I needed some way to hover the servo directly over my sink handle. I needed a mount for the IR sensor. I needed something to either put on the sink, or on the wall or something. I considered many options but I eventually found an erector set type product called Microrax. I ordered a basic starter set with 6 pieces of the piping. I figured I’d screw up quite a bit of it so I ordered extra lengths. Suprisingly, after it arrived, I didn’t screw up any lengths of it and the whole experience with Microrax was fun as hell.

Microrax lets you create almost any object you can think of, as long as it’s 45 or 90 degree angles. Maybe there are other configurations that are possible but the easiest ones are the structures like they have pictured on their website and the structures I have pictured here. I also ordered a servo bracket which fit perfectly on a Microrax pipe piece. I drew up some rough 3D sketches on graph paper. You can see the final one to the right.

From this 3d sketch, I could count how many lengths and pieces I needed to make the frame. So I made a parts list for myself. It was pretty funny making a parts list like a BOM but it was very necessary. I had planning-me and then there was hacksaw-me. Hacksaw-me didn’t care about the plan, he was there to cut. So it was good to review the segment lengths on paper a few times to make sure I wasn’t ruining my Microrax parts.

After I had a rough design, I cut out the pieces for the base of the frame and put together the base. I then double checked my lengths by putting it on the sink, also to visualize the rest of the pieces. There were some definite anchoring problems that I was trying to solve because I knew that when the servo pushed on the sink handle, it would push back on the frame and I didn’t want the frame to move.

Showing Pivot Point I cut the rest of the pieces and eventually got a frame that placed the servo directly over the sink handle fulcrum which is exactly what I wanted. You can see here (to the right) I’m illustrating that the servo gear is directly over the handle pivot point. My screwdriver isn’t exactly pointing on the pivot point, it’s just there for depth reference.

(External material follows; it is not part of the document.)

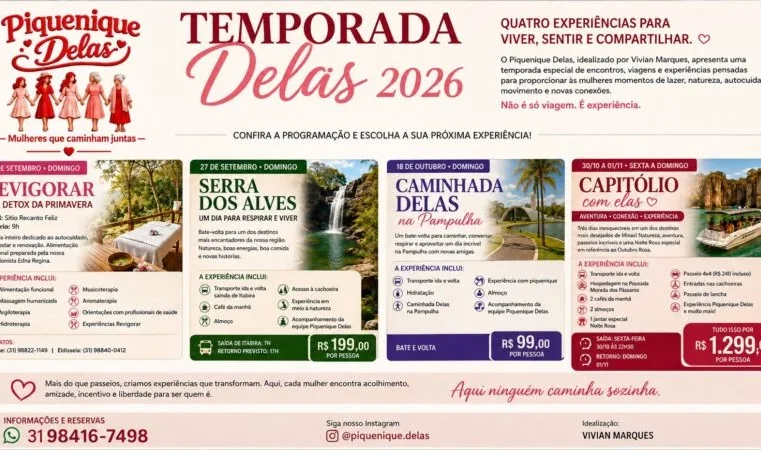 “Piquenique Delas”: quando mulheres decidem caminhar juntas, o destino é apenas o recomeço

My frame was built and I attached a servo bracket to it. At this point I actually ran out of parts. So I ordered some more and scavenged microrax pipes from other parts of the frame.

Showing the Frame Alone

Arm and grip

Cat Faucet Arm

But now I needed to attach an arm to the handle. The servo attachment is just a little plastic star-shaped gear and I had to somehow attach that to a microrax piece. I sandwiched two plates together and eventually got this little piece you see here. The hole on the black star is where the servo gear threads go. A screw goes through this and holds this servo sandwich piece in and keeps it from falling in the sink. This star piece attaches to a Microrax piece that acts as the arm. I simply made a 90 degree downward post that acts as fingers off the arm. A lot of this I modeled just by using my real hand on the faucet and trying to reduce the mechanics as much as possible.

I tried a few variables on a grip (you can see the rubber band attempt). I even tried velcro and some other weird ideas. But the servo wasn’t transferring enough force to the handle, or at least seemed like it could be doing better. Also a lot of calibration came when I went to actually attach the grip. If you do anything that is physically or deployed, make sure you have some wiggle room to adjust to your target. Coming from a software world, I was horrified at how imprecise this is. Automatic deployment like capistrano, chef and other tools obviously have no relevancy here in the physical/hardware world.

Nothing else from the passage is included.